Oh! By the way, it's not just the blue light from the computer or the tablet or whatever you're looking at, sometimes it's the information itself that you're reading is stimulating. I remember a study not that long ago that showed that reading e-mails right before you went to bed caused some disruption in that cortisol, melatonin, growth hormone cascade stuff. Yes. Emails. Then, add that to the blue light you're looking at. Yes, we can't sleep in this country and if we can't sleep, we're not repairing cells and tissues. If we don't repair cells and tissues, that could increase the risk for abnormal cell growth, the dreaded scary "C" word. Cancer.

Interesting. Do I have time for another one? I think so. Real quick here.

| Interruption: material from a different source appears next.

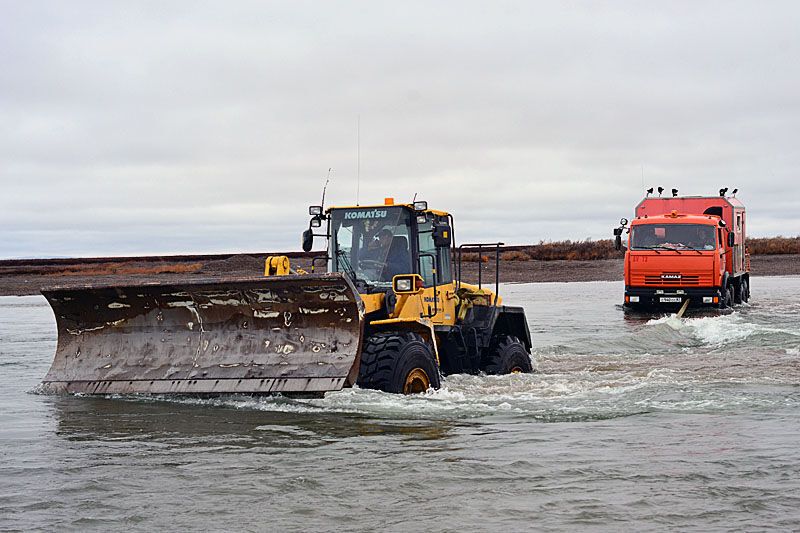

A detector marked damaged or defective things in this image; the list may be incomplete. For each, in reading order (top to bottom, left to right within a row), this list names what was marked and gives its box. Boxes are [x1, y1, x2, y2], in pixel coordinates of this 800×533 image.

rusty steel bucket [38, 274, 362, 394]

This is from Deborah Benson:

"I've been on a very low carb, no sugar diet to try to lose 15 pounds. This hasn't worked as I feel my metabolism is at a standstill. I'm only 5 feet tall and weigh 125 pounds. I'm 64 years old and I've never weighted this much before. There are some other things there, but just for time sake, the basic issue that I'm pulling out of Deborah's question is, she needs help with metabolism. Remember, your weight on any given moment is determined by very simple equation. Weight = calories in – calories out.

Some of us have a calorie in issue—we eat too much. We have cravings and appetite control issues and there are supplements that work with that. But, some of us, we actually are dieting. I believe you, Deborah. So, the issue isn't really the calorie in part, it's the calorie out part. We're not burning enough. So, obviously, the exercise—she does say she does try to walk every day. Maybe try to pick that up a little bit. But, she may need a little boost there. A little metabolic boost. Burn some more calories at rest. So, I would start with, Deborah, seven keto-DHEA. It has some great research behind it. It's a true thermogenic nutrient. It causes your fat cells to burn the fat within them. Seven keto-DHEA. About 100mg a day will boost your metabolism. Start there. Things that you can add to that as you go along would be hot pepper extracts, capsaicin or cayenne also have shown to boost the thermogenic process which is really related to metabolism.

So, try to get some more exercise. Start with the seven keto-DHEA and, if need be, add some, let's say capsaicin extract. That would be my suggestion for boosting metabolism. Thanks for your question, Deborah.

This is Healthy Talk on RadioMD. I'm Dr. Mike. Stay well.